The Very Hungry Caterpillar is in children’s books terms, a classic. The short and simple story has sold more than 33 million copies and has been translated into more than 50 languages. The popular picture book story tells the tale of a very small and very hungry caterpillar that sets out on a quest to eat through different foods until his hunger is satisfied. Once full, the caterpillar weaves a cocoon around himself before transforming into a beautiful butterfly two weeks later. The colourful illustrations of various fruits and foods as well as the appealing little holes in the foods the caterpillar has eaten make this book such a popular hit for young children.

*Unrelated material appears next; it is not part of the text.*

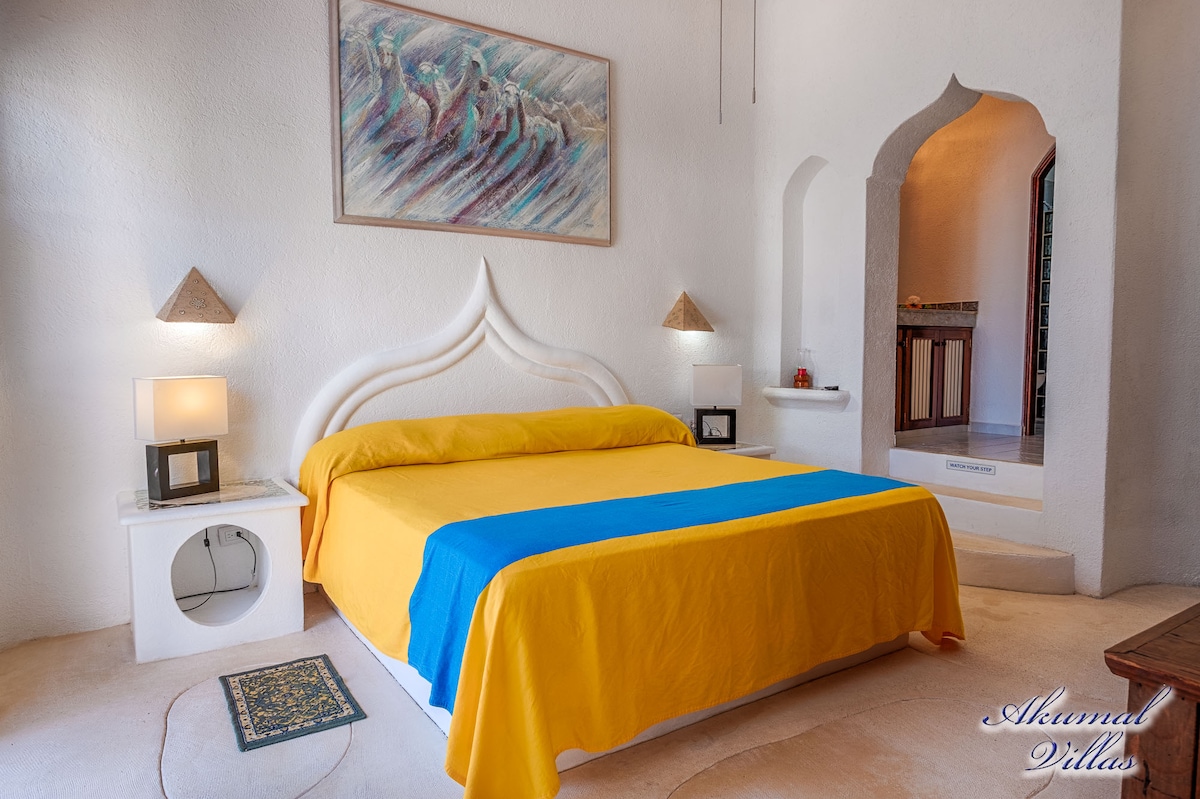 Спална соба 4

As well as the memorable appeal to place holes in the caterpillars food -as a kind of interactive addition to the book- and the way that the pages for the first five days are different sizes to correspond with the number of pieces of food the caterpillar eats, the striking and colourful collage illustrations are what I like most of all. Carle used hand-painted papers, which he cut, layered and shaped to create his colourful artwork capable of engaging even the youngest child. The double-page picture of the butterfly at the end of the book is a particular explosion of colour and serves as a vibrant celebration of the beauty of nature.

Although short and simple The Very Hungry Caterpillar is full of learning opportunities from days of the week, to counting, to transformation, and although the book has become a favourite throughout age ranges the book is best served with the early year’s group and younger readers. The simple words are easy enough for a small child to understand the story line and for a beginning reader or English Language Learner to get through with little difficulty. Also, the bold and colourful pictures tell the story in complement to the simple wording.

The very hungry caterpillar could be used to read to the whole class in a classroom. The story could aid or promote discussion on a number of topics such as counting skills (foods accumulate increasingly), the days of the week, nutrition (the best food for the caterpillar is the leaf, not the candy, cake, etc. or why we can't eat chocolate and sweets all day long), science (metamorphosis of the caterpillar to butterfly), and shapes (foods).